Let’s also throw in the aspects of cellular context and epigenetic modifications, and you’ll soon see that any company that promises to deliver certainty (or even an accurate assessment of probabilities) regarding different medical conditions based solely on DNA sequence is simply preying upon consumers’ ignorance. In essence, they are handing consumers a single piece of a 5,000-piece puzzle, telling them that what is displayed on that one fragment is indicative of the pattern of the puzzle as a whole.

I am not the only one concerned about the less-than-honest promises of at-home genetic tests, as drugstores Walgreens and CVS both canceled their debuts of Pathway Genomics’ at-home genetic tests that were scheduled for earlier this month. This was after the Food and Drug Administration started asking for more information from Pathway Genomics about the tests. Just this week Congress got involved, as its House Energy and Commerce Committee launched its own investigation of direct-to-consumer genetic tests. So what does this mean for the future of do-it-yourself genetic testing? Will I ever be able to air-mail a swab of my saliva for my genetic read-out? Hopefully not.

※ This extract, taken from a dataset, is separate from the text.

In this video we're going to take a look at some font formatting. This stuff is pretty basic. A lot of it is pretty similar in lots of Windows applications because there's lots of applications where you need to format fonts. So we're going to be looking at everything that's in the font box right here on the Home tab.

The sale of a test that, by its very nature of being direct-to-consumer, can never offer “full disclosure” to the people who buy it should not be permitted. Without extensive disclaimers and interpretation from scientists or medical personnel, consumers don’t stand a chance in understanding what the test does and does not tell them about their health. I wouldn’t argue that more comprehensive genetic analysis may not be beneficial to people’s health in the future, but I think that the only appropriate place for genetic analysis is in a healthcare setting, wherein an informed professional can explain the results to the patient. It is not on a drugstore shelf. And that’s one thing about which I am certain.